El matrimonio implica ajustes importantes. Prepararse mental, emocional y espiritualmente construye una base sólida. La mayoría de los programas abordan comunicación y resolución de conflictos.
- No hay sustituto para conocer a tu pareja, pero la consejería prematrimonial revela temas clave como metas a largo plazo, finanzas y familia, que quizás no hayan discutido.
- Evaluar compatibilidad ayuda a identificar diferencias, prevenir conflictos y fomentar compromisos antes de la boda, fortaleciendo la relación.

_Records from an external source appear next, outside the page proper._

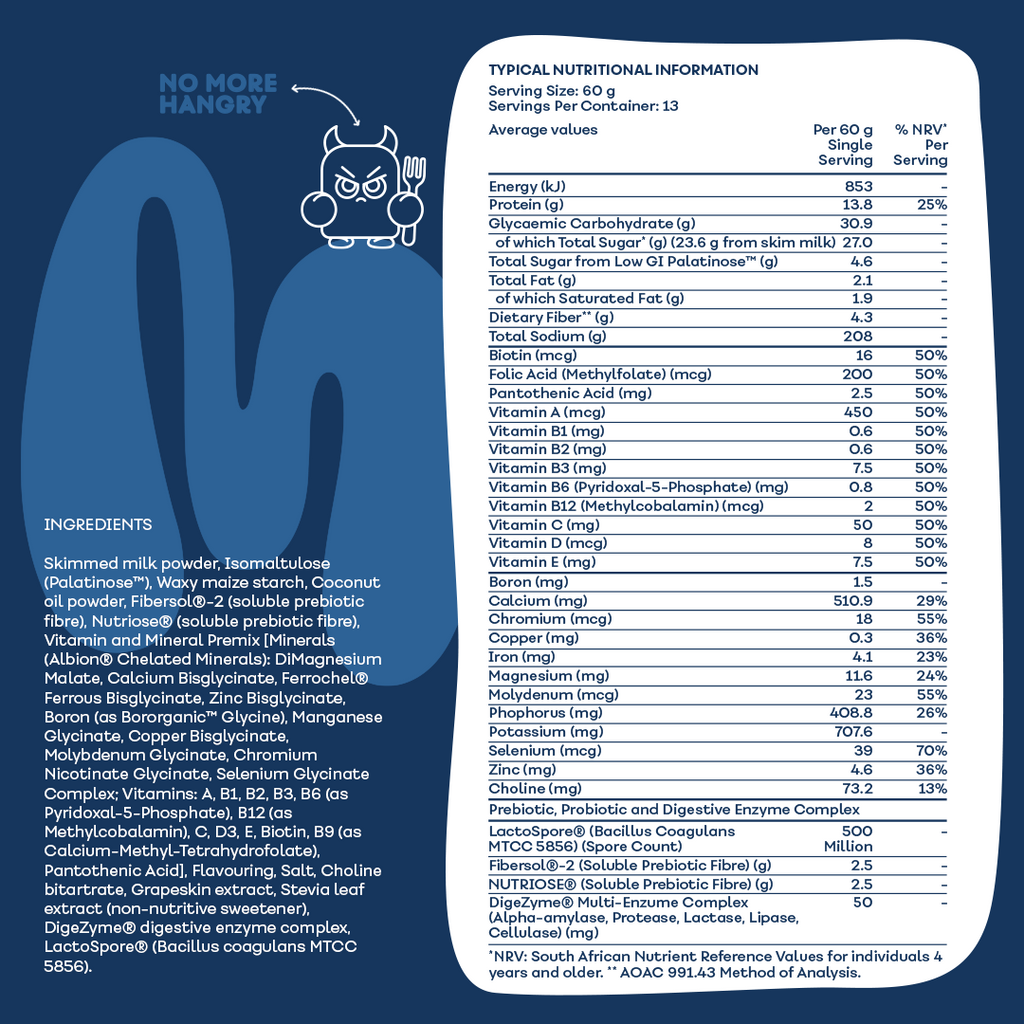 MaxiMeal Blueberry Burst complete meal shake nutritional information panel showing 13.8g protein, 23 vitamins and minerals at 50% NRV, LactoSpore probiotics, Fibersol and Nutriose prebiotic fibre, and DigeZyme digestive enzyme complex per 60g serving across 13 servings per container.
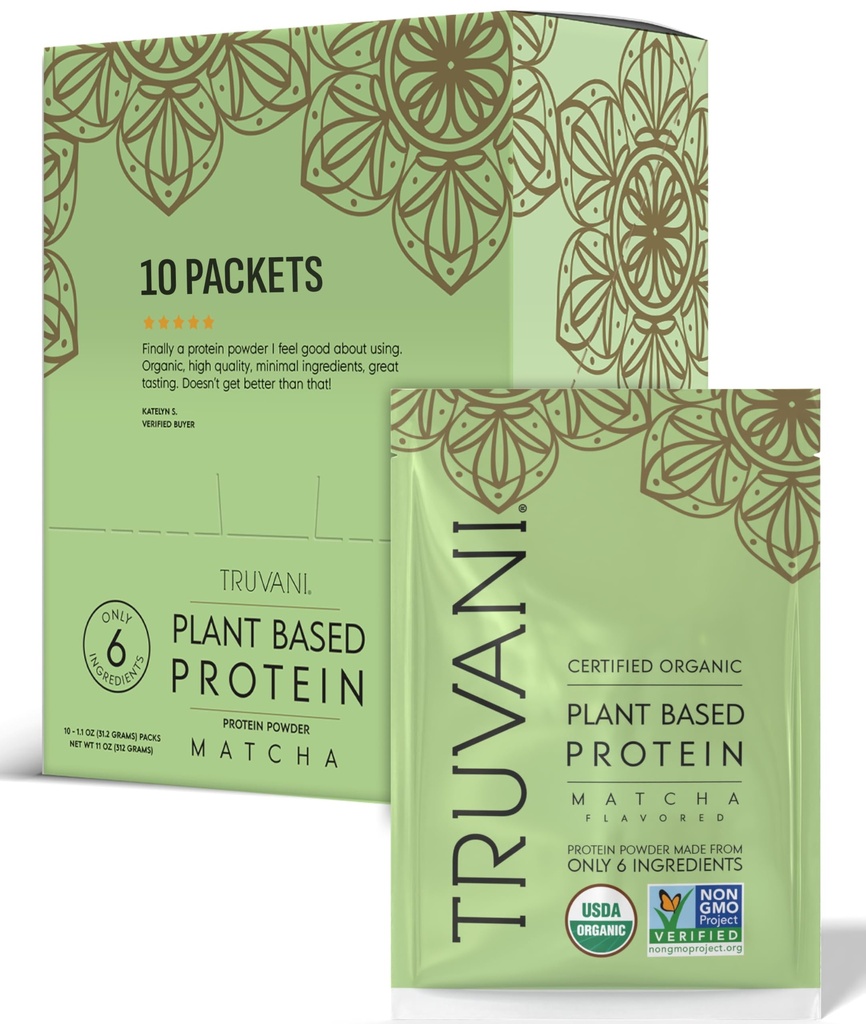 Truvani Vegan Pea Protein Powder 124; Matcha 124; 20g Organic Plant Based Protein 124; Single Serving Travel Packets 124; 10 Servingů 124; Keto 124; Gluten a mléčné výrobky zdarma 124; Nízký karb 124; No Add Cukr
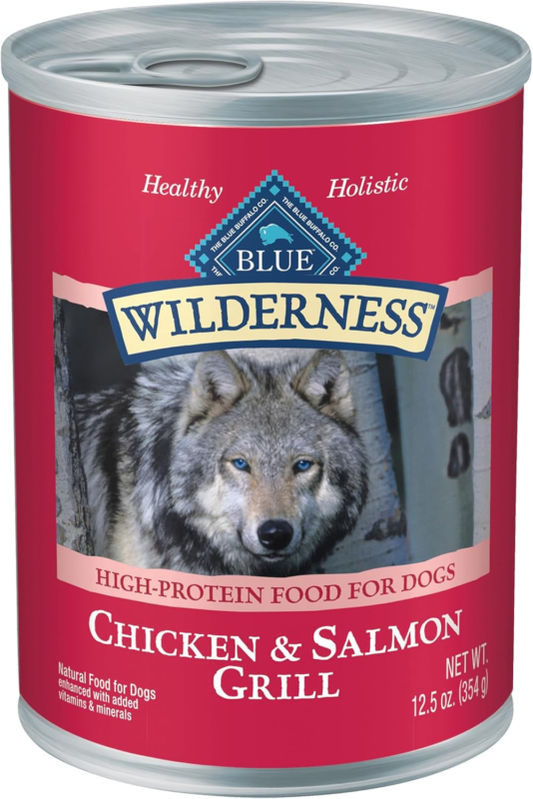 Blue Buffalo Wilderness Adult Wet Dog Food, High-Protein & Grain-Free, Made with Natural Ingredients, Salmon & Chicken Grill, 12.5-oz. Cans, 12 Count: Pet Supplies: Amazon.com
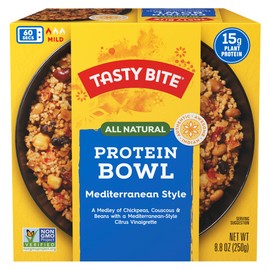 TASTY BITE Mediterranean Protein Bowl, 8.8 Ounce, Pack of 6, Ready to Eat, Microwaveable, Vegan, 14 Grams Plant Protein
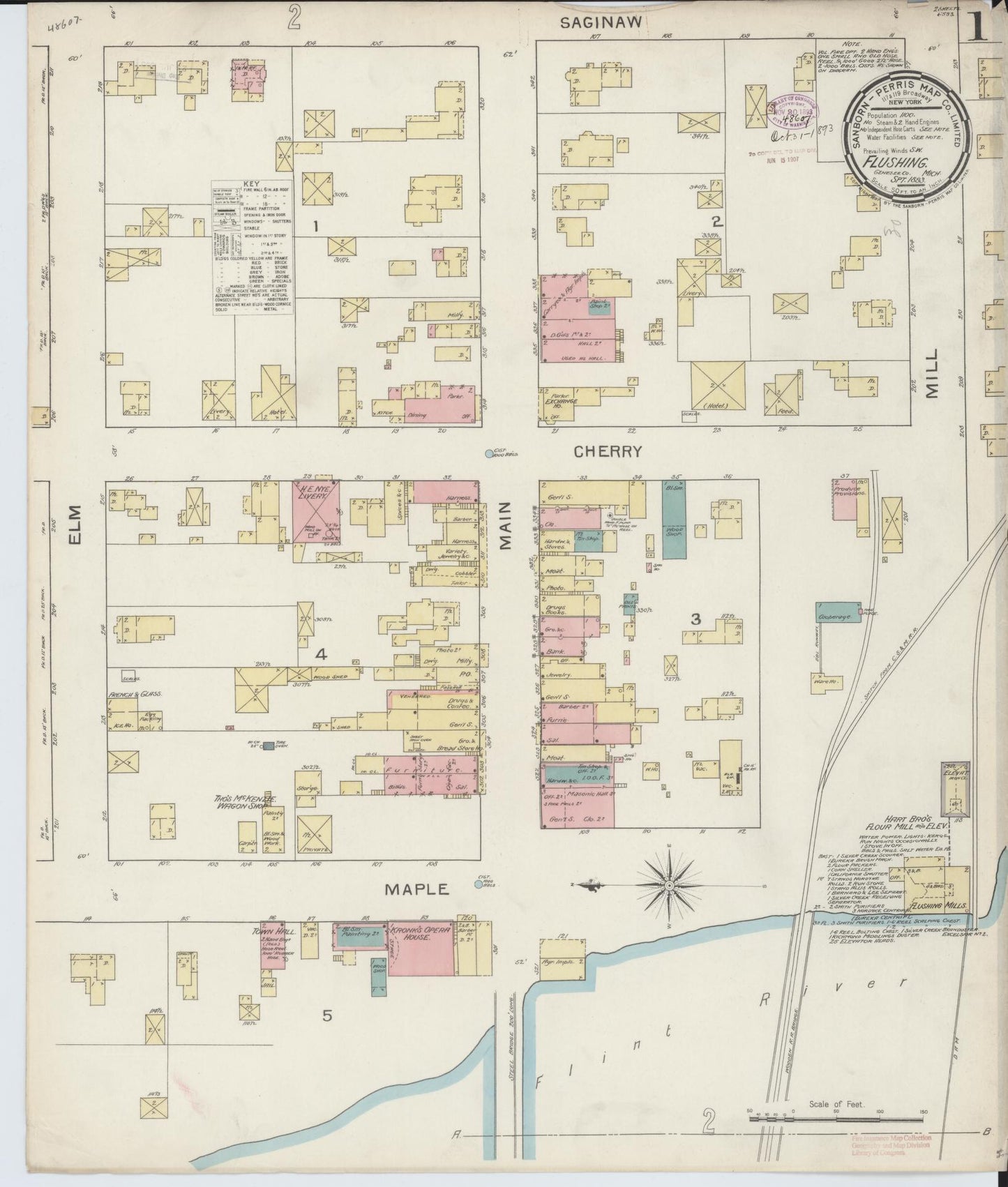 Sanborn Fire Insurance Map from Flushing, Genesee County, Michigan (1893), Sheet #0001 - Complete Map Set gallery image, historic Sanborn map, vintage wall art, Michigan Michigan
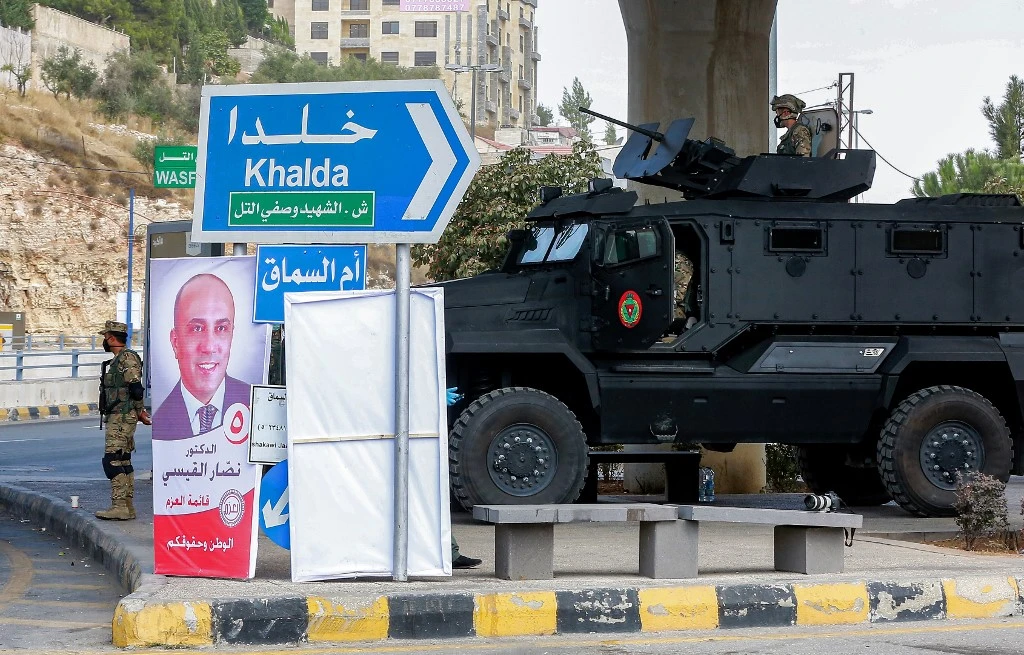 This picture taken on October 9, 2020 shows a Jordanian security vehicle enforcing a COVID-19 coronavirus lockdown in the capital Amman. (File/AFP)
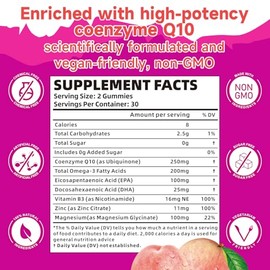 Sugar-Free CoQ10 Gummies 250mg, Plus Omega-3, Vitamin B3 & Zinc, Magnesium - High Absorption Coenzyme Q10 Supplements for Heart Health, Cellular Energ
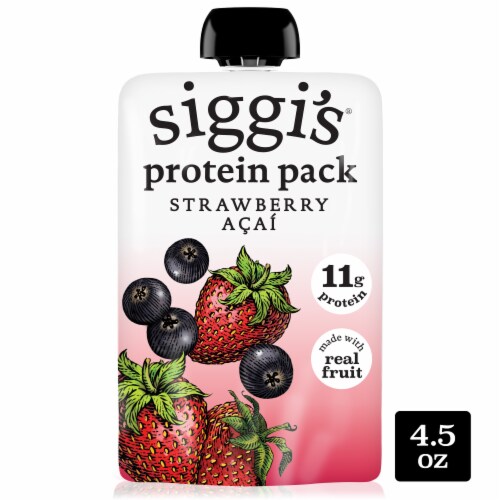 siggi's Reduced Fat Protein Pack, Strawberry Acai Yogurt Pouch Perspective: front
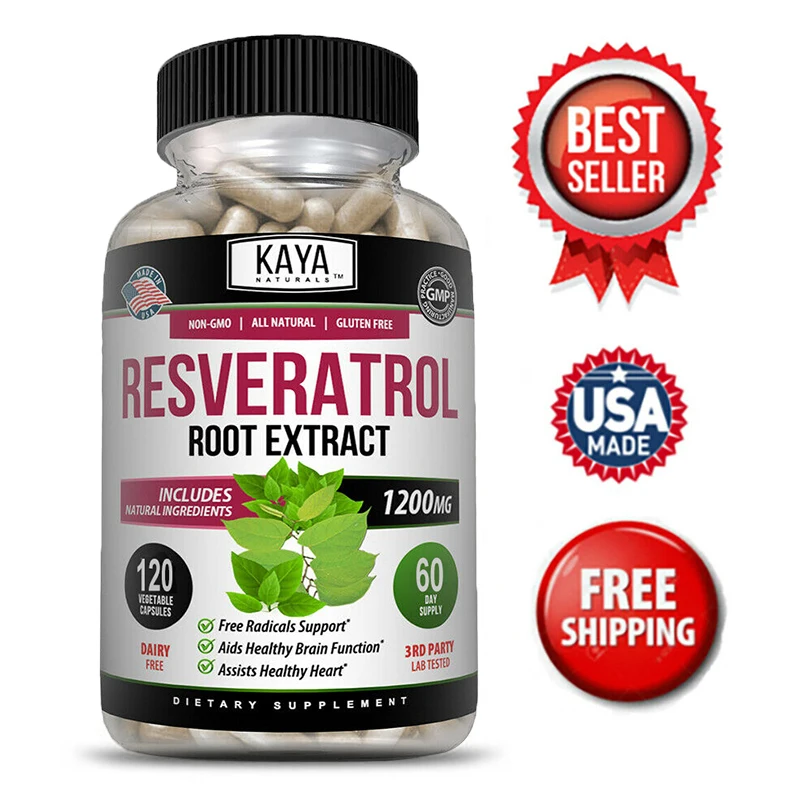 Resveratrol Supplement 1200mg - Powerful Antioxidant for Immune Support - Supports Healthy Cells and Heart Health, Non-GMO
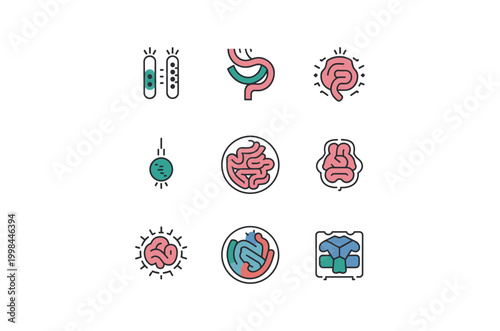 Medical Bacteria Virus Icon Set Flat Color Vector
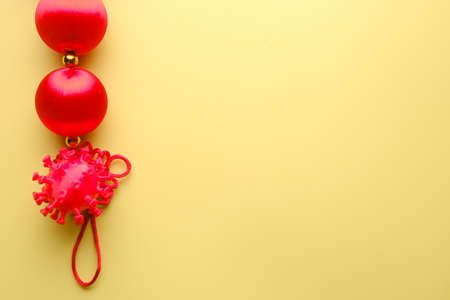 A picture of fake chinese lantern with 3D printed coronavirus. Chinese New Year in new covid-19 variant.の写真素材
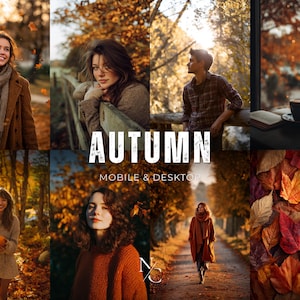Puede incluir: Un collage de imágenes con temática otoñal. La imagen central presenta la palabra "AUTUMN" en letras blancas, con "MOBILE & DESKTOP" debajo. Otras imágenes muestran personas con ropa de otoño, café y hojas coloridas.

Temas típicos en la preparación
Estos son los asuntos habituales en la consejería prematrimonial:
Espiritualidad
Si hay diferencias religiosas, definan cómo integrarlo. ¿Aceptan creencias opuestas? ¿Cómo criarán a los hijos?
Preparación emocional
Es normal sentir dudas. La consejería mitiga miedos y confirma la readiness emocional para el compromiso.
Visiones sobre hijos
Discutan si quieren niños, el timing, crianza y disciplina para alinear expectativas.
Metas a largo plazo
Compartan ambiciones futuras para apoyarse mutuamente en objetivos personales y compartidos.
Finanzas
El dinero causa disputas frecuentes. Decidan sobre cuentas conjuntas/separadas, pagos y reglas para gastos grandes.
Historia familiar
Exploren antecedentes de salud, enfermedad mental o abuso para fortalecer la relación y decisiones futuras.
Actitudes y personalidad
Conocer temperamentos ayuda en interacciones diarias y resolución de conflictos.
Iniciando el viaje
No hay fórmula perfecta, pero la preparación ofrece una ventaja para un matrimonio saludable. Es el inicio de un camino de crecimiento mutuo.